CHARISMA (CHARacterize I/O in Scientific Multiprocessor Applications) project (1993-1996)

This project is no longer active; this page is no longer updated.

Related projects: [Galley], [Parallel-I/O], [RAPID-Transit], [STARFISH]

Related keywords: [pario]


Summary

Large parallel computing systems, especially those used for scientific computation, consume and produce huge amounts of data. To provide the necessary semantics for parallel processes accessing a file, and to provide the necessary throughput for an application working with terabytes of data, requires a multiprocessor file system.

One of the big challenges facing research on parallel file systems was to develop a solid understanding of the workload: what do parallel programmers actually do with parallel file systems. In June 1993 We launched a cooperative effort, called CHARISMA (CHARacterize I/O in Scientific Multiprocessor Applications), to collect and analyze file-system traces from multiple applications on several different file systems. The CHARISMA project was unique in recording individual read and write requests in live, multiprogramming, parallel workloads (rather than from selected or non-parallel applications). The resulting papers are some of the only work to characterize production parallel computer systems.
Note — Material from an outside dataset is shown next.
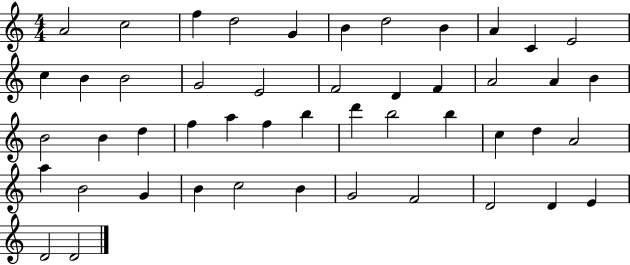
A4/h C5/h F5/q D5/h G4/q B4/q D5/h B4/q A4/q C4/q E4/h C5/q B4/q B4/h G4/h E4/h F4/h D4/q F4/q A4/h A4/q B4/q B4/h B4/q D5/q F5/q A5/q F5/q B5/q D6/q B5/h B5/q C5/q D5/q A4/h A5/q B4/h G4/q B4/q C5/h B4/q G4/h F4/h D4/h D4/q E4/q D4/h D4/h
Most parallel file systems (eg, Intel's CFS, Thinking Machines SFS) were designed around the assumption that scientific applications running on parallel computers would exhibit behavior similar to that of scientific applications running on uniprocessors and vector supercomputers.

The primary characteristics of file access in those environments are:

To test the validity of that assumption, we traced the workloads of two different parallel file systems, on two different machines, at two different sites, running primarily scientific applications. The tracing involved recording every single access that was made to the parallel file system over a period of weeks. The trace format is described in a C include file.

The two machines we traced were an Intel iPSC/860 at NASA Ames' Numerical Aerodynamic Simulation facility and a Thinking Machines CM-5 at the National Center for Supercomputing Applications. All parallel file access on the iPSC was done through Intel's Concurrent File System. Parallel applications on the CM-5 could use either the data-parallel CMF I/O library or the control parallel CMMD I/O library.

Results

by Nils Nieuwejaar

Our observations may be summarized as follows:

We examined the millions of small, noncontiguous requests in greater detail, and found that most of them appeared to be part of regular, higher-level pattern, as follows.

Simple-Strided

We refer to a series of I/O requests as a simple-strided access pattern if each request is for the same number of bytes, and if the file pointer is incremented by the same amount between each request. Two possible situations in which this pattern could arise are shown below. The first case shows the columns of a matrix distributed across the processors in a cyclic pattern, when the number of columns is a multiple of the number of processors. The second case shows the rows of a matrix distributed across the processors. In this case, each processor reads an entire row at a time, and then skips to the beginning of the next row.

Looking at those files that were shared by multiple nodes, we found that this access pattern occurred frequently in practice. The figure below shows that many of the accesses to CFS and CMMD files appeared to be part of a simple-strided access pattern. Since consecutive access could be considered a trivial form of strided access (with an interval of 0), the figure shows the frequency of strided accesses with and without consecutive accesses included.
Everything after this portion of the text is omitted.